Math 487 Lab 2: Distance from Lines and Tangent Circles
Outline of Lab
Part 1. What is a Voronoi diagram or a Dirichlet domain?
Part 2. How to construct circles tangent to two lines. What is the connection
between tangent circles and the concept of the distance from a point to a line?
Part 3. Concurrence of angle bisectors and construction of inscribed and excribed
circles.
Part 1.
-
Read and work through the Dirichlet section of this pdf
document from Geometry Through the Circle.
-
Construct the figure with rays for 3 points A, B, C. In this case the figure
will probably not stay correct if you drag the points too far. Do you see
why?
- Download and explore this Dirichlet gsp
file after you have done some of your own constructions.
Part 2. Distance from a Point to a Line and tangent circle
- Work through the investigations in this pdf file from
Geometry Through the Circle.
What you should take away from this is a set of answers to these questions:
-
In a right triangle, why is the hypotenuse the longest side?
-
Why is the shortest distance from a point C to the points on a line AB
given by the distance from C to the foot E of the perpendicular from C to
line AB?
-
Explain why the figure with the tangent circle in this investigation illustrates
visually the point above.

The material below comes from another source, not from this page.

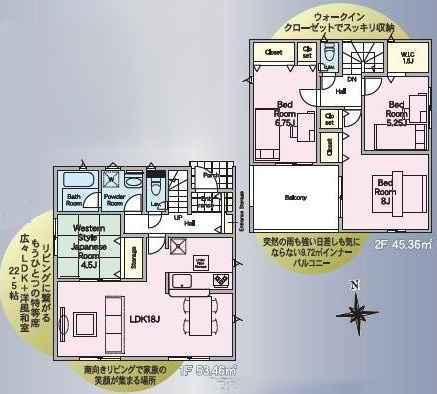 常総市本石下　第12　新築戸建て　6号棟の間取り|間取り図です♪
実際の空間の広さや陽当たり、風通しなどは現地でご確認できます♪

Why does the line AB intersect the circle only
at one point E?
- If a circle with center O intersects the line at two points U and V, why
does the perpendicular bisector of UV pass through the circle of the circle?
What is the distance from the center to of the circle to the line measured
by the distance from O to the midpoint of UV?
Part 3.
A. Inscribed Circles
- Draw a triangle. Construct the circle that is inside the triangle and tangent
to all 3 sides. This is called the inscribed circle of the triangle, or the
incircle.
B. Angle Bisectors of a triangle (interior and exterior angles)
- In a new sketch, draw 3 points A, B, C and construct the 3 lines a, b, c
(NOT SEGMENTS) connecting each pair of these points. This is an (extended)
triangle.
- The lines that bisect the interior and exterior angles of the triangle.
- Observe that at any point of intersection of two of these bisectors, there
is a third bisector through the same point. Why is this true? How many such
points of intersection are there? Why?
C. Excircle and Incircles
- Construct all circles that are tangent to each of the 3 lines. How many
are there?
Reference: B&B, pp. 182-3 and 250-1.